Recent solo highlights include Handel Dixit Dominus at the Clifton International Festival of Music, Bach Mass in B Minor with the Academy of St Martin-in-the-Fields and Mozart Vespers, Bach Jesu, meine Freude and Monteverdi Vespers at St Martin-in-the-Fields.
Victoria is kindly supported by the Denne Gilkes Memorial Fund.
James Quilligan graduated from the Guildhall School of Music and Drama in 2015 and for the past year has been a lay clerk at St John’s College, Cambridge. He continues to study privately with Robert Dean.
Since graduating, James’ operatic roles have included Count Almaviva and Figaro in Mozart’s Le Nozze di Figaro (Trinity College Music Society and Magnetic Opera), Dr Dulcamara in L’Elisir d’Amore (Cambridge University Opera Society), Death in Holst’s Savitri (CUOS), Farasmane in Handel’s Radamisto (TCMS), the title role and Leporello in Mozart’s Don Giovanni (Ensemble Orquesta and Hampstead Garden Opera), Flemish Deputy in Verdi’s Don Carlo (Grange Park Opera), and Bluebeard in Bartok’s Bluebeard’s Castle (OperaUpClose). James has also created several roles in contemporary operas with companies including St John’s College Music Society and the Helios Collective. Recent performances include Menotti’s The Telephone and Barber’s A Hand of Bridge.
On the concert platform, James has performed Bach St John Passion, Charpentier Te Deum, Dvořák Stabat Mater, Fauré Requiem, Finzi In Terra Pax, Handel Messiah, Haydn Harmoniemesse and Nelson Mass, Mozart Requiem, Rossini Petite Messe Solennelle, Vaughan Williams Fantasia on a Christmas Carol and Five Mystical Songs.
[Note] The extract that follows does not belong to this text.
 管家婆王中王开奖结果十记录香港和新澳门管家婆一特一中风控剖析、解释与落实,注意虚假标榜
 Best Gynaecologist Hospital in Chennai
A keen recitalist, he has performed at the Wigmore Hall, St Martin in the Fields, St George Hanover Square, Hatchlands Park and the Old Royal Naval chapel, Greenwich.
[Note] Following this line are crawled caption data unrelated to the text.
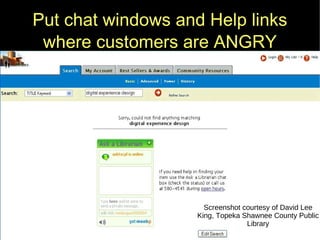 Put chat windows and Help links where customers are ANGRY Screenshot courtesy of David Lee King, Topeka Shawnee County Public Library 
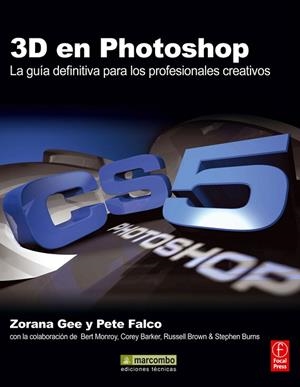 3D EN PHOTOSHOP: LA GUÍA DEFINITIVA PARA LOS PROFESIONALES CREATIVOS | 9788426717573 | GEE, ZORANA / FALCO, PETE | Llibreria La Gralla | Llibreria online de Granollers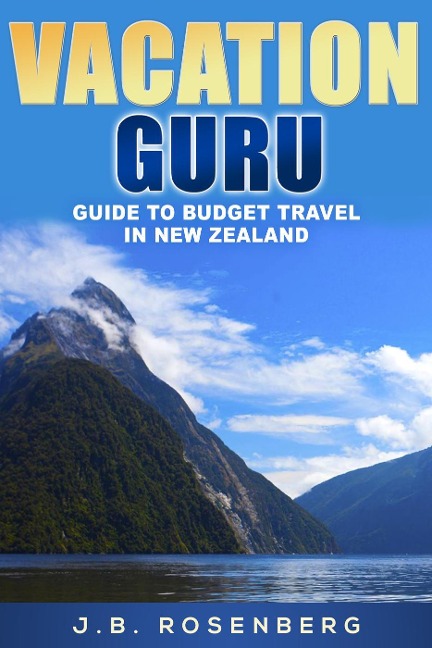 Vacation Guru Guide to Budget Travel in New Zealand - J. B Rosenberg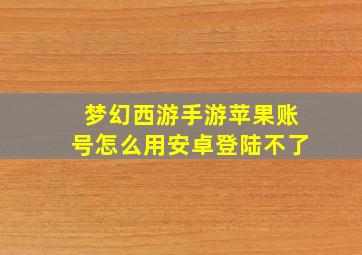 梦幻西游手游苹果账号怎么用安卓登陆不了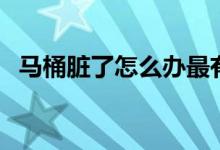馬桶臟了怎么辦最有效（馬桶臟了怎么辦）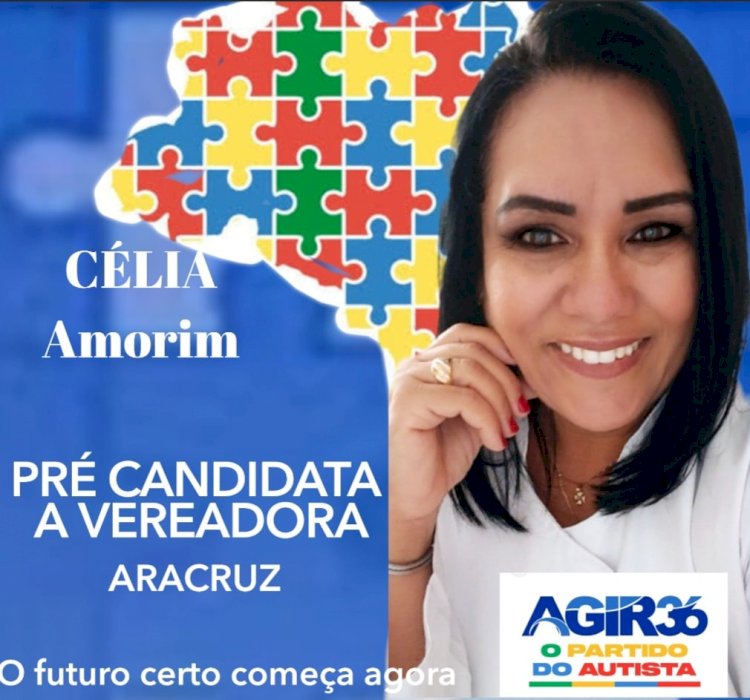 Célia Amorim - Pré Candidata a Vereadora de Aracruz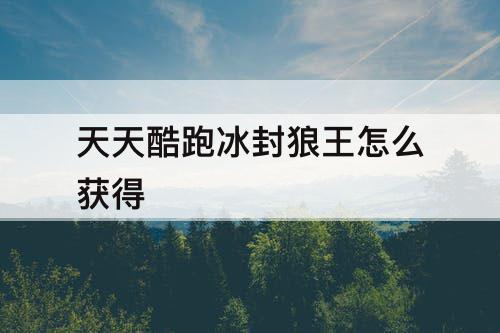 天天酷跑冰封狼王怎么获得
Russian mezzo-soprano Margarita Slepakova is an opera and concert singer and a graduate of the Schola Cantorum Basiliensis in Switzerland where she is also currently pursuing her Specialised Master’s degree with Gerd Türk and Rosa Dominguez.
In 2018 she performed the part of Poppea in Monteverdi’s L’incoronazione di Poppea at the OpernFest in Berlin directed by David Paul and conducted by Peter Leonard. She has also played a part of Ariel in Purcell’s The Tempest in Collegium Nobilium Theater in Warsaw and sung with the choir of Theater Basel in shows of Stravinsky’s Rake’s Progress directed by Lydia Steier and conducted by Kristiina Poska.
Margarita has won awards in vocal competitions in Poland and Russia and has performed in Switzerland, Germany, Italy, France, Finland, Russia and Poland, collaborating with pianists, lutenists as well as orchestras and other ensembles.
Recently, Margarita has sung in performances of Haydn’s Missa in Angustiis in Switzerland, Porpora’s Salve Regina in Italy and in Pergolesi’s Stabat Mater and Vivaldi’s Stabat Mater in France.
Before receiving her Master Diploma at the Schola Cantorum Basiliensis she graduated from the Vocal and Acting Department of the Fryderyk Chopin University of Music (class of prof. Jadwiga Rappé) and Culture Studies Faculty of Warsaw University.
Her repertoire extends from music of the 16th century up to contemporary works, with a particular focus on 17th and 18th century, Classical and early Romantic eras.